If you are mentally trying to solve 145 – 98 = ⟡, you might use the easier, related subtraction problem 145 – 100 = ⟡ to help you. You know that 145 – 100 = 45, but is the difference between 145 and 98 two more or two less than 45? In a fourth grade class, students were considering this problem. The context for the problem was related to a science project in which the class weighed apples in grams as they dried out.

Brian drew a closed shape representing an apple divided into two parts to represent 145 – 100 = ⟡: "See, this is the apple at first," he explained. "And you take some away [the part to the right of the dotted line] and have some left [to the left of the dotted line]. Then you take away 98 grams instead, so it’s over here [the part to the right of the solid line is now the part that is subtracted; left of the solid line is what remains]."
With the presence of this picture to focus the discussion, more students joined in, using the representation not only to reason about the particular numbers, but to state and justify a more general claim. Rebecca said, "It’s like you have this big hunk of bread and you can take a tiny bite or a bigger bite. If you take away smaller, you end up with bigger." Then Max stated: "The less you subtract, the more you end up with, AND in fact the thing you end up with is exactly as much larger as the amount less that you subtracted."
Grade 2: Switching Around the Numbers
But what about students in the primary grades? Aren’t they "concrete" thinkers? Young students, too, notice regularities about the work they do as they count, compare quantities, and learn about addition and subtraction. In one second-grade class, the teacher asked students to generate combinations of two addends with a sum of 25. As they listed these, students soon noticed—as they had before in their computation work—that they could "switch around" the numbers and still get the same sum, for example, if 23 + 2 = 25, then 2 + 23 = 25.
The teacher had in mind that this idea would come up and had planned follow-up questions. She asked, "Suppose I asked . . . if you could prove that or explain it better to me . . . if we take the 2 and put it first, do we still get 25?"
Nikki demonstrated with a stack of 23 cubes and a stack of two cubes. She moved the two-cube stack rapidly and repeatedly from the right side to the left side of the 23-cube stack. "It doesn’t matter," she said, "if you keep on just switching it around, it will still make 25 . . . you’re not taking away or adding to it . . . it will still be the same number." Again, in this example, the use of a representation that embodies the operation enables the students to reason about the general claim. Although Nikki is holding particular quantities—23 and 2—her reasoning, that "you’re not taking away or adding to it," applies to any pair of numbers.
Once all the students seemed quite convinced that the order of any pair of numbers in an addition expression could be changed without changing the sum, the teacher asked the students if the same is true for subtraction. From her experience, the teacher knew not to assume that students thought that the "switch around" rule applies only to addition. Several students offered their ideas, using 7 – 3 and 3 – 7 as an example:
Nikki: If you have 3 take away 7, but 3 doesn't have 7. . . . You can only take away 3 to make zero.
Alita: You can't use the 3 because after you use the 3—3, 2, 1, 0, 0, 0. . . the zero’s going to keep on repeating itself.
Edward: It wouldn't be zero.

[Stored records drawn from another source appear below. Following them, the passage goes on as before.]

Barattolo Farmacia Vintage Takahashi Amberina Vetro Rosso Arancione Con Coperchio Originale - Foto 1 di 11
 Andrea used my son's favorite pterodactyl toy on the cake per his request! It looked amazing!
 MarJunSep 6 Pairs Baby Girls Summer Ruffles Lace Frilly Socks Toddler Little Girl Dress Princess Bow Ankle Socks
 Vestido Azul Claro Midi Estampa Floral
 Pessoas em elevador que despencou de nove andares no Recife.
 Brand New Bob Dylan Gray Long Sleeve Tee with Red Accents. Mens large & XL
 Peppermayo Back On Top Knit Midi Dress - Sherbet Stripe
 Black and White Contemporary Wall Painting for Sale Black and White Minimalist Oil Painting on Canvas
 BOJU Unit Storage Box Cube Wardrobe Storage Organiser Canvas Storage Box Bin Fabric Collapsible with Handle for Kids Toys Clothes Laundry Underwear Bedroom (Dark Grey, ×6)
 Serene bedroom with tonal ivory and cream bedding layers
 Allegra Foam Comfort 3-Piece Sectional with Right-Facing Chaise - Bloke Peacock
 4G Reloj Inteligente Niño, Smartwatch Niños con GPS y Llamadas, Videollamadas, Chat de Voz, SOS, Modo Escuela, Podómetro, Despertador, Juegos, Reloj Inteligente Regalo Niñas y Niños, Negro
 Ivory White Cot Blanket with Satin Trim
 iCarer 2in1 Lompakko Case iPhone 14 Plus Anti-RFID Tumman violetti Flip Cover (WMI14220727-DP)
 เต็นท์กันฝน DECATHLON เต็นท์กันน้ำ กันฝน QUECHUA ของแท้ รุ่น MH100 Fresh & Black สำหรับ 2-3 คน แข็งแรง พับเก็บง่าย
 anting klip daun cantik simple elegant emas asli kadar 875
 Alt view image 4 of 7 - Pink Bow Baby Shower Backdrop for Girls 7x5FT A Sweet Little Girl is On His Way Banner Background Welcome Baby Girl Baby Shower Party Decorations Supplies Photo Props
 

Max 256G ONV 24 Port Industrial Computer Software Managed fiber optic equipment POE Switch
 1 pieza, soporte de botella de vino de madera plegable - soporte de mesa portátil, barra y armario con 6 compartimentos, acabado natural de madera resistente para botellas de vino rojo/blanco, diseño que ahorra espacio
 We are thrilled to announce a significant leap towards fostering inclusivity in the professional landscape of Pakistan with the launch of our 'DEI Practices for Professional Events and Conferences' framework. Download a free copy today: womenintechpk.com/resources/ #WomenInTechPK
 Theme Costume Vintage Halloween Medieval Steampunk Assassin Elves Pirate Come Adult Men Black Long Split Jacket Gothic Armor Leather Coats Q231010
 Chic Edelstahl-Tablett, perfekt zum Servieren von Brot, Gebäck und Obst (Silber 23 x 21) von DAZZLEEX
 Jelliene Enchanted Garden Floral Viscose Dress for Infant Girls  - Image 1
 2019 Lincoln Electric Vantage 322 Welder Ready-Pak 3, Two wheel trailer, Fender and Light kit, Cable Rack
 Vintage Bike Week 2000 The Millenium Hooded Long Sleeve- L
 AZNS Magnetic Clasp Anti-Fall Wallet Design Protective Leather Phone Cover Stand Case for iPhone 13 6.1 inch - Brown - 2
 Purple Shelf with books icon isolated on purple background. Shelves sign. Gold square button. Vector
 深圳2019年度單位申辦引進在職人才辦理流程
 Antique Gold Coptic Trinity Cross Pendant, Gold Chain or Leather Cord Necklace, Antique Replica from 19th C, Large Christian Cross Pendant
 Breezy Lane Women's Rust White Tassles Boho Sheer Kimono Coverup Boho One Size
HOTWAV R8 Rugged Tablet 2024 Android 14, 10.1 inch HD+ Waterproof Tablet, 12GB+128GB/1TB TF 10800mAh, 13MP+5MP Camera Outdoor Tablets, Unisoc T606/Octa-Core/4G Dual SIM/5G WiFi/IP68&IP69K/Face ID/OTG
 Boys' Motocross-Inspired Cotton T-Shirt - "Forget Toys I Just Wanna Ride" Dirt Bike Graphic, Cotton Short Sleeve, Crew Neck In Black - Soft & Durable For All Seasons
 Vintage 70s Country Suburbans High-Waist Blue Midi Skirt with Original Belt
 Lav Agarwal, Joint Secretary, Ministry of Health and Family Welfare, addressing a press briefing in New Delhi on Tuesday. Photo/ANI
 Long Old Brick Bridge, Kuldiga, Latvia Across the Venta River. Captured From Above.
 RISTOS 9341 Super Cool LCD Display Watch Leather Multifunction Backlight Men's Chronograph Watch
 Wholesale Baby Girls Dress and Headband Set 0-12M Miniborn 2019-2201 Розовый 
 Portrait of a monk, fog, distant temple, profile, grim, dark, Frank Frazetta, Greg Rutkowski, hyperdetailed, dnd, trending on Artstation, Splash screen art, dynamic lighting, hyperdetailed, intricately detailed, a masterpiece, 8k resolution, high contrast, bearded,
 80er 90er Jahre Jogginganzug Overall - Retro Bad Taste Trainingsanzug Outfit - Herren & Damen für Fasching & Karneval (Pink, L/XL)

It would be negative 4 . . . That means you're going lower. If you're going lower than zero, that means negative 1, negative 2, negative 3 . . . .
Although these students did not yet have all the number experience necessary to understand this idea, the teacher noticed that they were making important observations about the differences between the properties of addition and the properties of subtraction. She planned to return to this discussion as other opportunities arose.
Algebra for all students
The work of generalizing and justifying in the elementary classroom has the potential of enhancing the learning of all students. The teachers with whom we have collaborated for several years have realized this potential in their classrooms. Teacher collaborators report to us that students who tend to have difficulty in mathematics become stronger mathematical thinkers through this work. As one teacher wrote, "When I began to work on generalizations with my students, I noticed a shift in my less capable learners. Things seemed more accessible to them."
When the generalizations are made explicit—through language and through visual representations—they become accessible to more students and can become the foundation for greater computational fluency. Furthermore, the disposition to create a representation when a mathematical question arises supports students in reasoning through their confusions. Brian (in the grade 4 example above), a tentative learner in mathematics, created a representation that illuminated an important idea. In the second grade classroom, in an urban center with a historically large proportion of underachieving students, a range of students offered important ideas about how addition is and subtraction is not commutative.
At the same time, students who generally outperform their peers in mathematics find this content challenging and stimulating. The study of number and operations extends beyond efficient computation to the excitement of making and proving conjectures about mathematical relationships that apply to an infinite class of numbers. A teacher explained, "Students develop a habit of mind of looking beyond the activity to search for something more, some broader mathematical context to fit the experience into." In the fourth-grade example above, Max, one of the most mathematically successful students in the class, listened carefully to his classmates’ explanations and then enjoyed the challenge of formulating a precise statement of the generalization. And Edward (in the grade two example), who knew more about numbers than his peers, was able to seed the conversation with a new idea about numbers less than zero.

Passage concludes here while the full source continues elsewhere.